**Action item:** Restate the whole listing below word for word and keep the images out.

··· Data provided

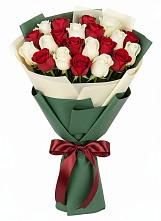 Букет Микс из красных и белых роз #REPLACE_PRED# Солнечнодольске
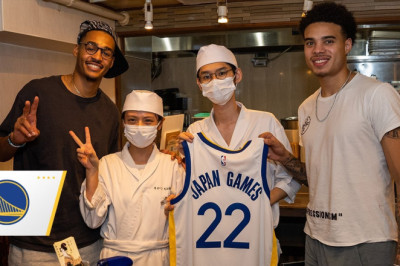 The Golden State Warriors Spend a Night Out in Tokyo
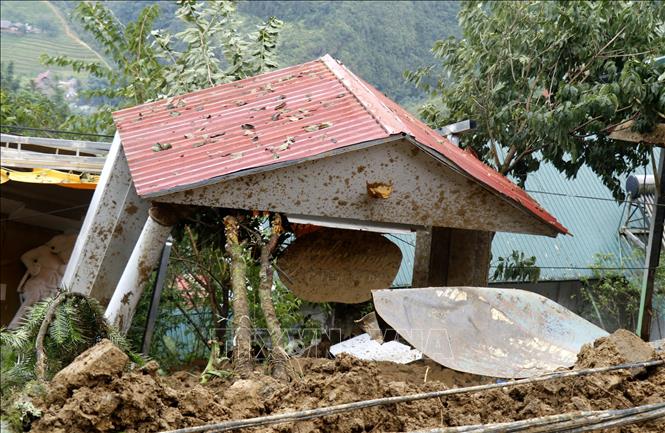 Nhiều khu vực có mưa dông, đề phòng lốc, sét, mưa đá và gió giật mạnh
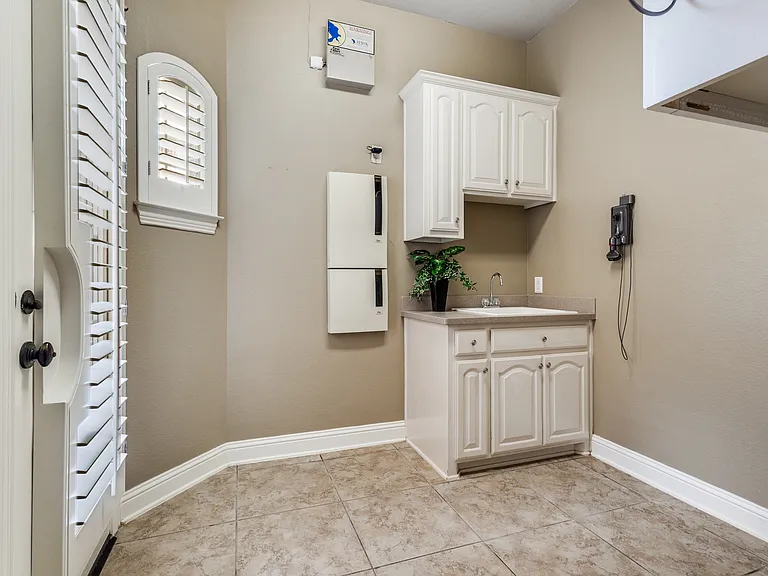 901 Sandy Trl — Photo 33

······

**Finished exercise:**
 Букет Микс из красных и белых роз #REPLACE_PRED# Солнечнодольске
 The Golden State Warriors Spend a Night Out in Tokyo
 Nhiều khu vực có mưa dông, đề phòng lốc, sét, mưa đá và gió giật mạnh
 901 Sandy Trl — Photo 33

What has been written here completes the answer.